* **Task item**
Go through the listing below and write out exactly the lines from the one that mentions "国道駅からビーム・ミュージック・アカデミーへのルートマップ地図" through the one that mentions "Soffbord Wohnling Massivt", minus the pictures.

* **Data to examine**
- - - - -
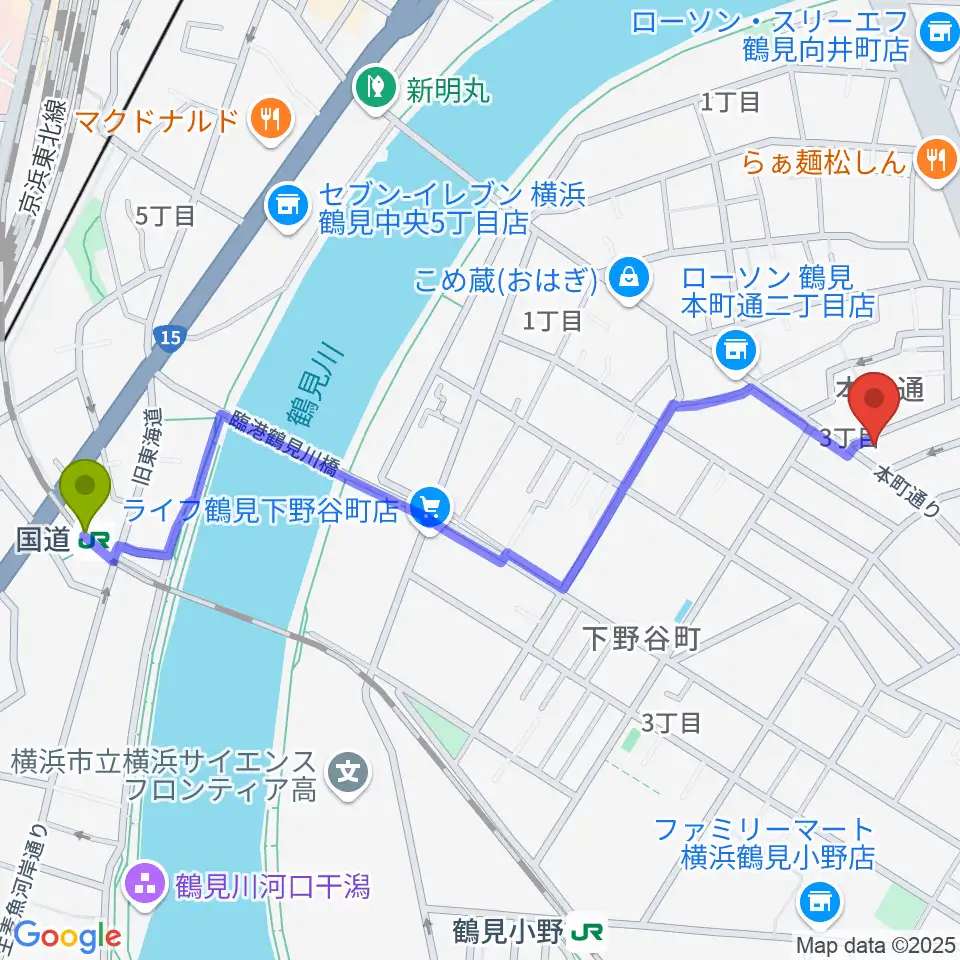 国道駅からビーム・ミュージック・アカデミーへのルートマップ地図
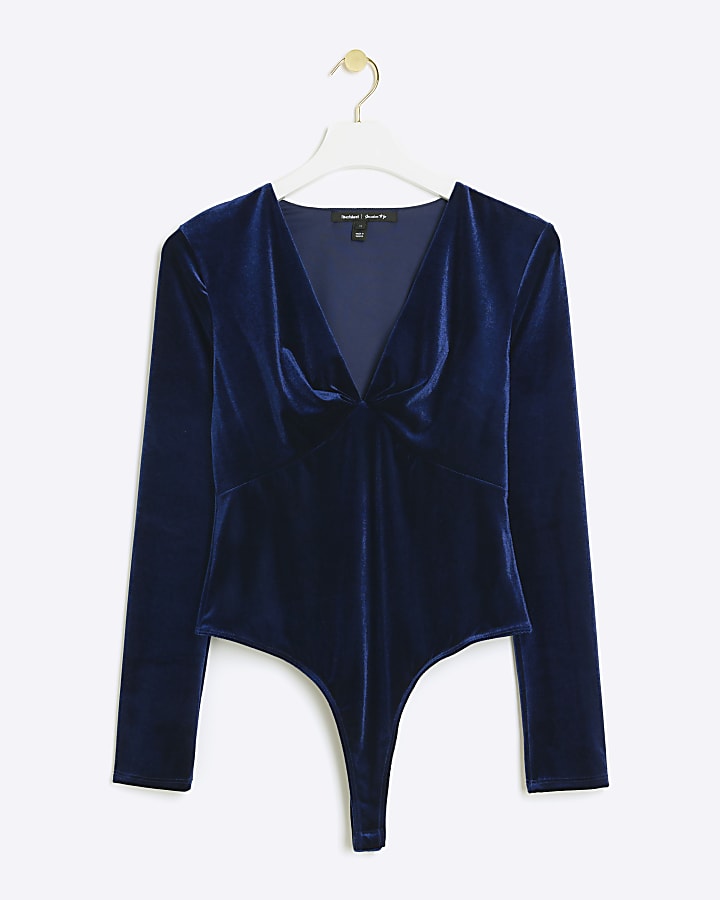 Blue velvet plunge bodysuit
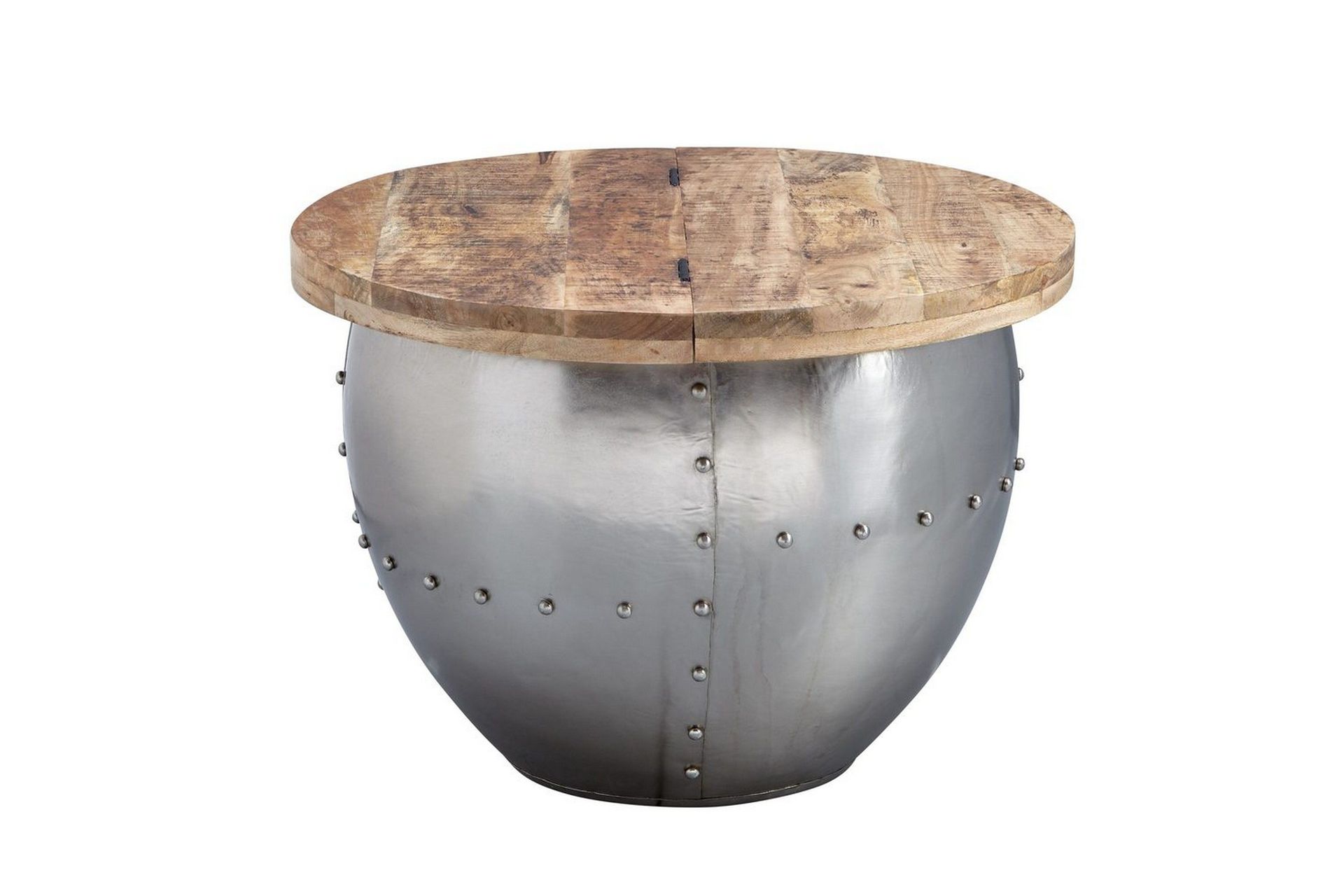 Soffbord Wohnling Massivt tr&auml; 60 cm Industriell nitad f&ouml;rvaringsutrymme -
- - - - -
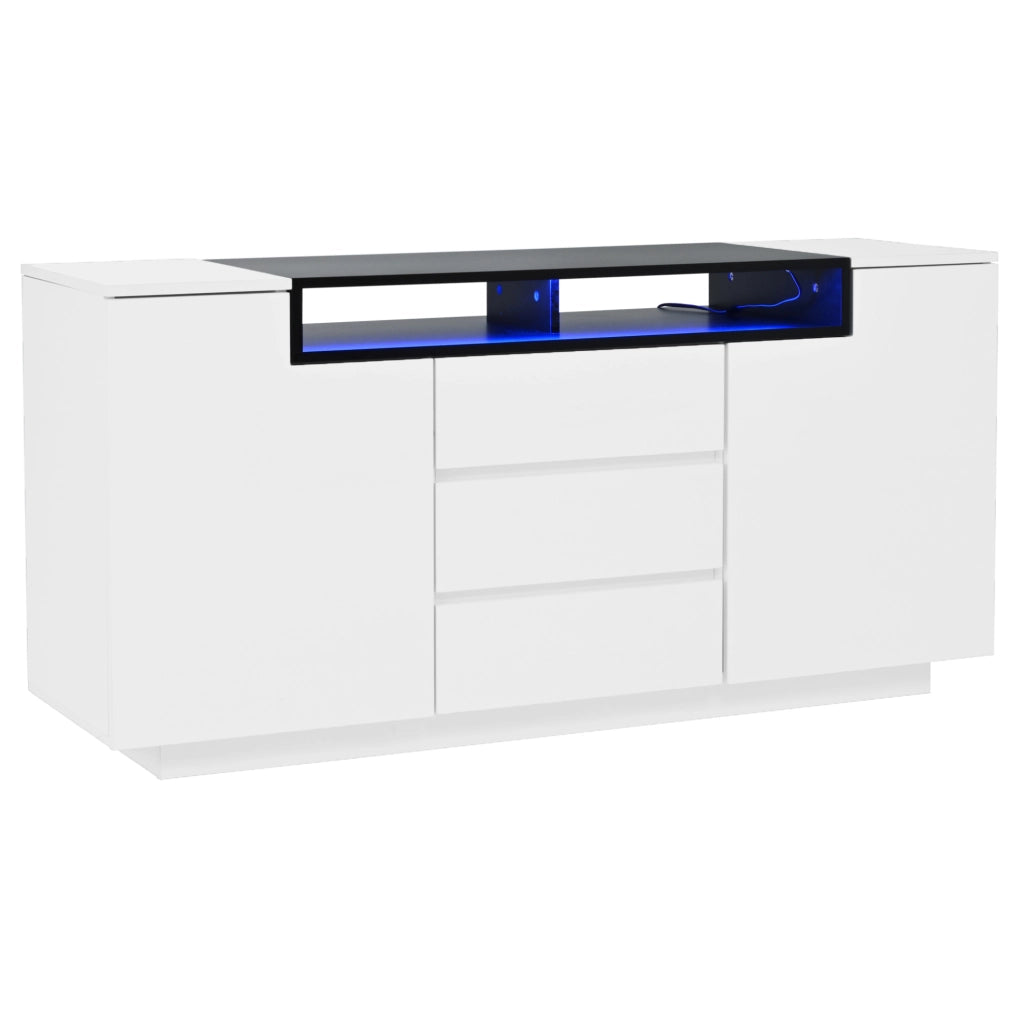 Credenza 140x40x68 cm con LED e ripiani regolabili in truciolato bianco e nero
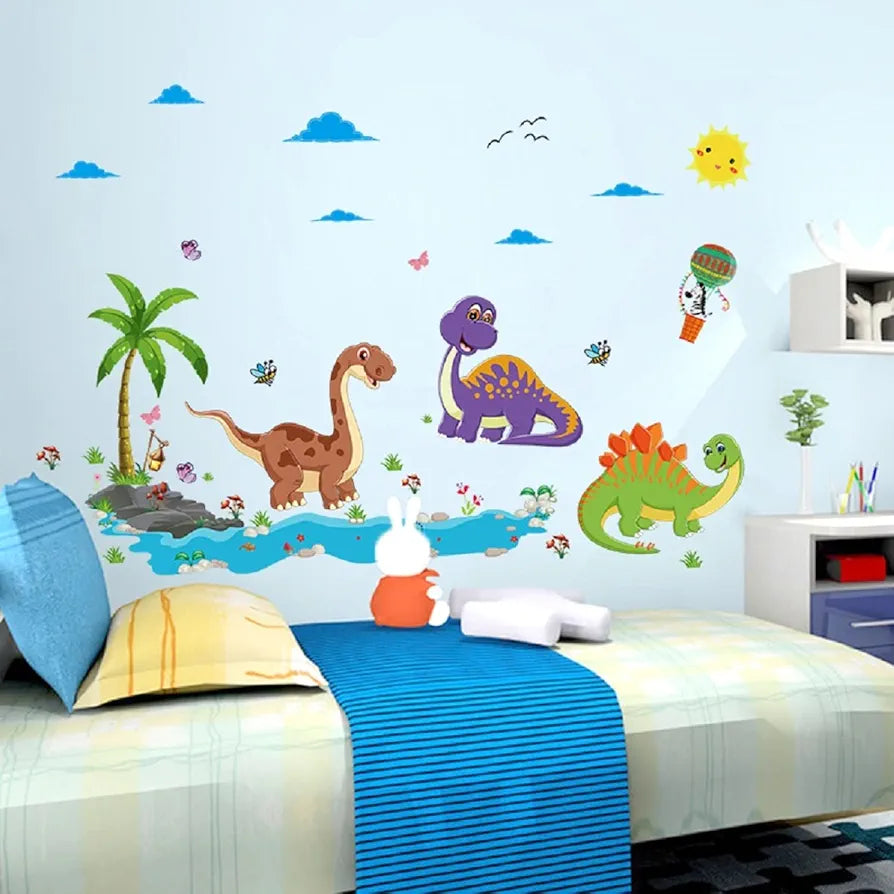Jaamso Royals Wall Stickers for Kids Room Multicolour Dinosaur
- - - - -
* **Solution to the exercise**
 国道駅からビーム・ミュージック・アカデミーへのルートマップ地図
 Blue velvet plunge bodysuit
 Soffbord Wohnling Massivt tr&auml; 60 cm Industriell nitad f&ouml;rvaringsutrymme -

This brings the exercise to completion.